**Work item:** Any pictures in the records below must be left out when you repeat the lines from the line containing "Chapel in mountains (France / Haute-Savoie)" through the line containing "Royal Enfield Sonstige" exactly.

**Exercise data:**
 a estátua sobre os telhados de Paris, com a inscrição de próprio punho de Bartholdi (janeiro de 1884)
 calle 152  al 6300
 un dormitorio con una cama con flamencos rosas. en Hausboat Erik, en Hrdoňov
* * *
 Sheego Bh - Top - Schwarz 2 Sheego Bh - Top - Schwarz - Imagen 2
---
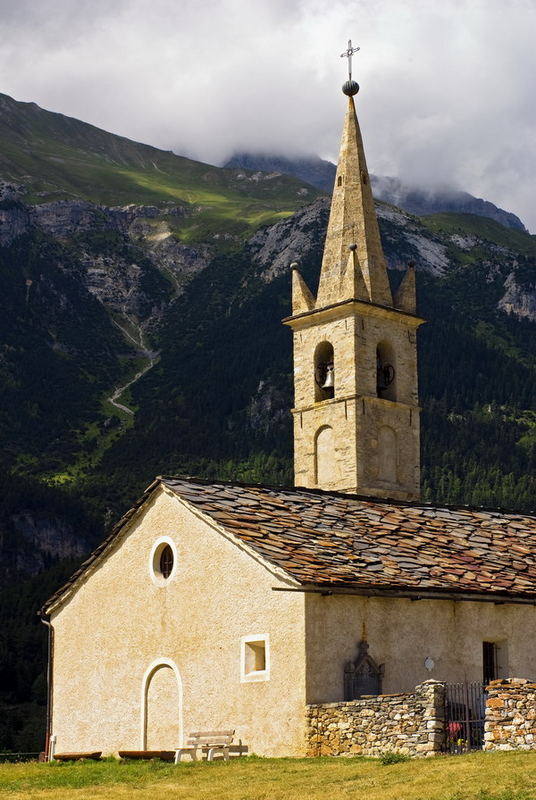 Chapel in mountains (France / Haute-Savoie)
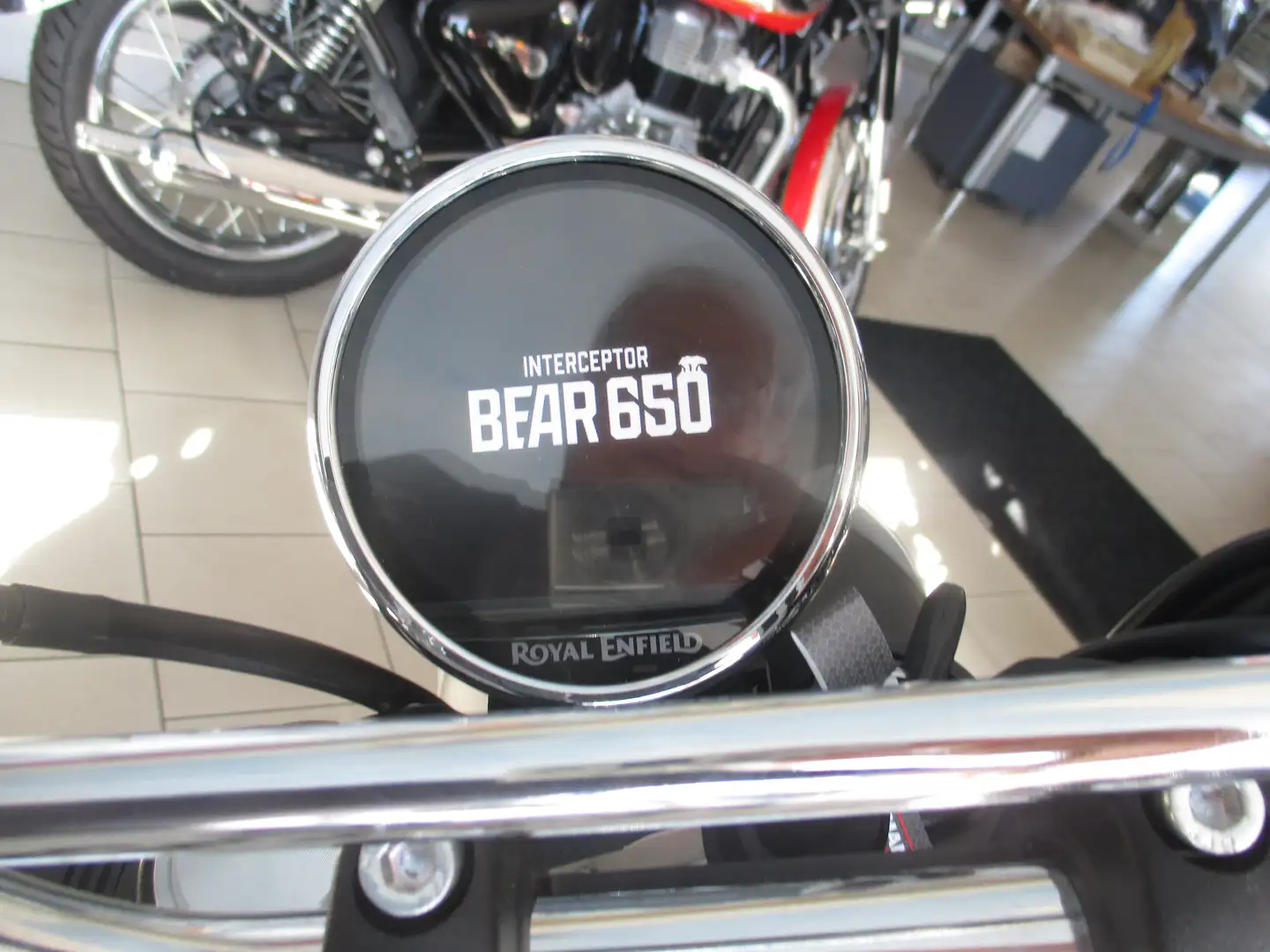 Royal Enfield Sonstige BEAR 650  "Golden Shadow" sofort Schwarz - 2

**Exercise result:**
 Chapel in mountains (France / Haute-Savoie)
 Royal Enfield Sonstige BEAR 650  "Golden Shadow" sofort Schwarz - 2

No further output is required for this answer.